I wrote you from London and from Portsmouth, but have not received a single line from you since you left me.2 From Mr. Smith we received letters, whilst he was at Bath, which is the last I heard from you.3 As the wind is so contrary, I shall venture to send this, in expectation that you have not yet sailed, and requesting you to write and direct your letter to the Fountain Inn, Cowes, at Mrs. Symes’.4 Send it by the crossroad post to Southampton, by which means it will reach us. How is my dear sweet boy? I think of him by day, and dream of him by night.
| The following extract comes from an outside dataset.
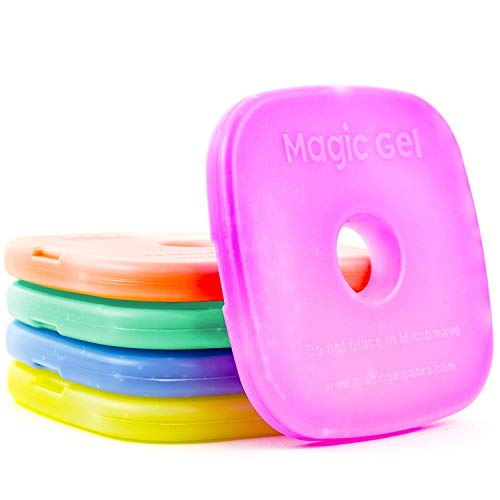 5 x Ice packs for Lunch Bags and Lunch Boxes. Long Lasting, Reusable, Small and Thin. The Perfect Cooler for a Kids lunch box! (by Magic Gel)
O, what a relief would his sportive little pranks have been to me, in the tedious hours of waiting,—waiting for winds, for captain, for vessel. I fear all my patience will be exhausted.
I took only a few books, and a little sewing, all of which were exhausted in one week. We got some little recruit, yesterday, at Newport; but that will soon be out. Let me hear from you, my dear child—how you are like to be accommodated, and the name of the packet and captain. We have written to Callihan, but I know he will take his own time, and at the same time assure you it shall be yours. I think he might get to the Downs, if he would exert himself.
My love to Mr. Smith, and my little charmer. Your father sends his love to you all.
I am, my dear child, most affectionately, / Yours,
MS not found. Printed from AA2, Jour. and Corr. description begins Journal and Correspondence of Miss Adams, Daughter of John Adams,... Edited by Her Daughter [Caroline Amelia (Smith) de Windt], New York and London, 1841–; 3 vols. description ends , 2:67–69.
1. Carisbrooke Castle, a medieval structure built on the remains of a Roman site, was the seat of government on the Isle of Wight when Charles I fled there in 1647. Probably hoping he could escape from there to France if it became necessary, Charles I was instead held as a prisoner at the castle for nearly a year prior to his execution at Whitehall in Jan. 1649 (Karl Baedeker, Great Britain: Handbook for Travellers, 8th edn., Leipzig, 1927, p. 67; DNB description begins Leslie Stephen and Sidney Lee, eds., The Dictionary of National Biography, New York and London, 1885–1901; repr. Oxford, 1959–1960; 21 vols. plus supplements. description ends ).
4. AA and JA stayed at the Fountain Inn in Cowes from 6 to 20 April, taking trips from there to see other sites on the Isle of Wight. AA described the building in greater detail in the Diary of her return voyage to America, 30 March – 1 May (JA, D&A description begins Diary and Autobiography of John Adams, ed. L. H. Butterfield and others, Cambridge, 1961; 4 vols. description ends , 3:212–213).